Alors que l’élite dirigeante pille les recettes de l’État consacrées à l’éducation, à la santé et aux infrastructures, pratique le vol de terres, reçoit d’importants pots-de-vin de la part des entreprises et exploite impitoyablement la classe ouvrière travaillant dans les secteurs clés des matières premières mondiales ; ce qu’elle décrit comme « produire de la richesse » est un euphémisme pour dire garantir leurs propres modes de vie privilégiés.

Museveni, 79 ans, l'un des plus anciens dictateurs d'Afrique, a maintenant promu son fils, le lieutenant-général Muhoozi Kainerugaba, au rang de général et l'a nommé chef des forces de défense des Forces de défense populaires ougandaises (UPDF), afin de maintenir sa dynastie.

Muhoozi est diplômé de Fort Leavenworth, l’École militaire de commandement et d'état-major de l'armée américaine, surnommé le « Centre intellectuel » de l'armée américaine. C'est un chouchou de Washington.

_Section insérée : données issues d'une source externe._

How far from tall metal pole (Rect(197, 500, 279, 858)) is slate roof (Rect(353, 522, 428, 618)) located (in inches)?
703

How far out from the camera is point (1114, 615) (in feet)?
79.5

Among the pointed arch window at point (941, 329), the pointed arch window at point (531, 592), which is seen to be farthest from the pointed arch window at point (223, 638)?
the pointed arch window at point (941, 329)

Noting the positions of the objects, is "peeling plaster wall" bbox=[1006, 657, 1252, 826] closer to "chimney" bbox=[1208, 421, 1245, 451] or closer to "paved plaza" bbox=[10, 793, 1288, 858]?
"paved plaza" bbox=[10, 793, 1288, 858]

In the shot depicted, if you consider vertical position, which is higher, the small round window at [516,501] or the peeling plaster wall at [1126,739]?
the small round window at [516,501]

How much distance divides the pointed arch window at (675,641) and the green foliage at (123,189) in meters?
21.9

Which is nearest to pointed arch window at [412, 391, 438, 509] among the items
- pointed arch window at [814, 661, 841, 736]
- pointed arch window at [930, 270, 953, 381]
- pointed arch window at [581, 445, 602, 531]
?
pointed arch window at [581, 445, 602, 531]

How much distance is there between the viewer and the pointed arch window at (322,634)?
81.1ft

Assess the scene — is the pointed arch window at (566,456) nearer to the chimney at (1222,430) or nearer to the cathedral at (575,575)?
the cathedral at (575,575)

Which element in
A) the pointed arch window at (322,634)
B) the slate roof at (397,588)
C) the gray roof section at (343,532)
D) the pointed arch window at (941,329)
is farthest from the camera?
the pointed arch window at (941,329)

Plus tôt cette année, Muhoozi a tenu une réunion avec l'attaché de défense américain en Ouganda, le lieutenant-colonel Chris Noumba. Selon un message du bureau du chef des Forces de défense, la réunion a discuté du « renforcement des relations traditionnelles solides entre l’UPDF et l’armée américaine ».

L'Ouganda agit comme une force par procuration de Washington dans la Corne de l'Afrique et en Afrique centrale, riche en ressources, déployant l'UPDF pour soutenir les gouvernements alignés sur les États-Unis au Soudan du Sud et en Somalie. En Somalie, l’UPDF a rejoint la Mission de l’Union africaine en Somalie (AMISOM) soutenue par les États-Unis pour contrer la milice Al Shabaab. Auparavant, Washington avait fourni des équipements et une formation aux forces ougandaises pour combattre l'Armée de résistance du Seigneur (LRA) dans le nord de l'Ouganda. Les interventions militaires américaines dans la région sont devenues cruciales pour tenter de contrer les investissements chinois dans des projets d’infrastructure visant à faciliter l’extraction des richesses pétrolières et minières africaines.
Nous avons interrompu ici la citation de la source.